------ The input

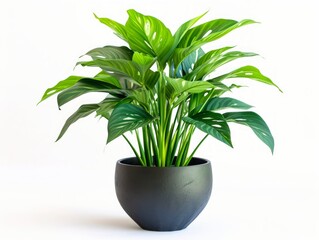 A vibrant plant in a stylish pot, set against a clean white background.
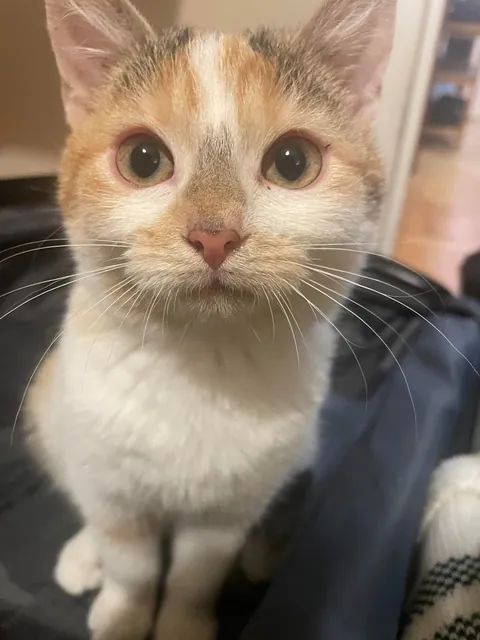 Name her after the last thing you drank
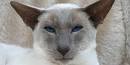 How to Decide if a Siamese Cat Is Right for You: 11 Steps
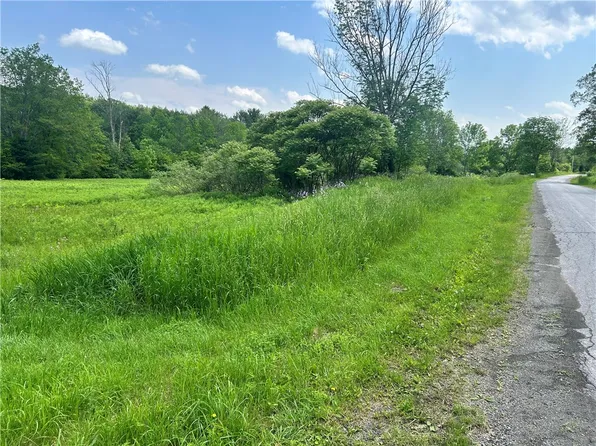0 Oregon Rd Lot 4, Gilbertsville, NY 13776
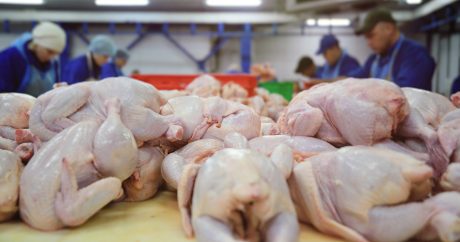Азербайджан импортировал из Украины 1,9 тыс. тонн мяса птицы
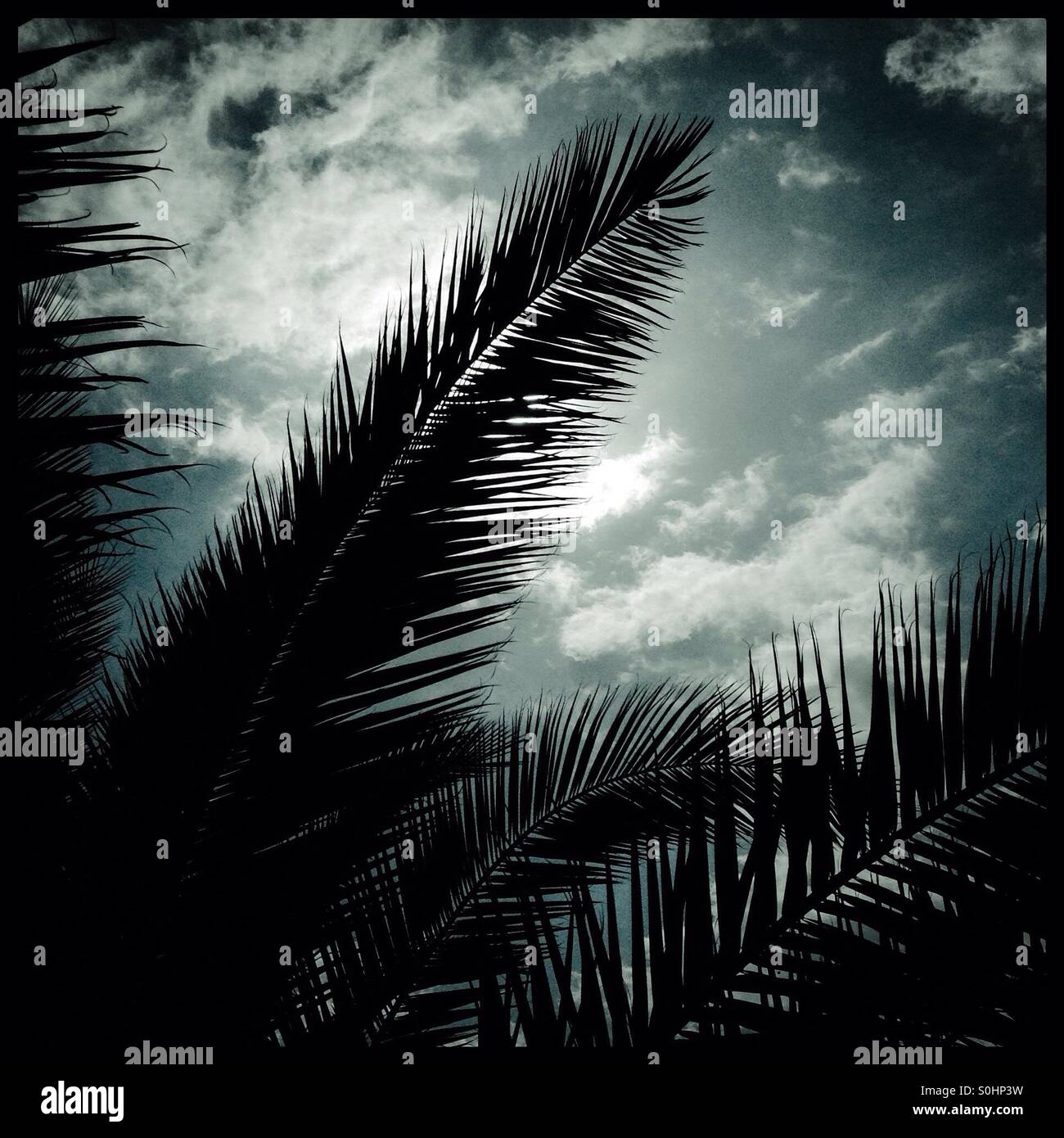 Palm tree fronds filter the Sun against a cloudy sky, Catalonia, Spain. - Smartphone Captured Stock Image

------------

Transcribe, without alteration, each line from the one with "Азербайджан импортировал из" through the last line of the data; no pictures belong in the copy.

== Answer for this exercise ==
Азербайджан импортировал из Украины 1,9 тыс. тонн мяса птицы
 Palm tree fronds filter the Sun against a cloudy sky, Catalonia, Spain. - Smartphone Captured Stock Image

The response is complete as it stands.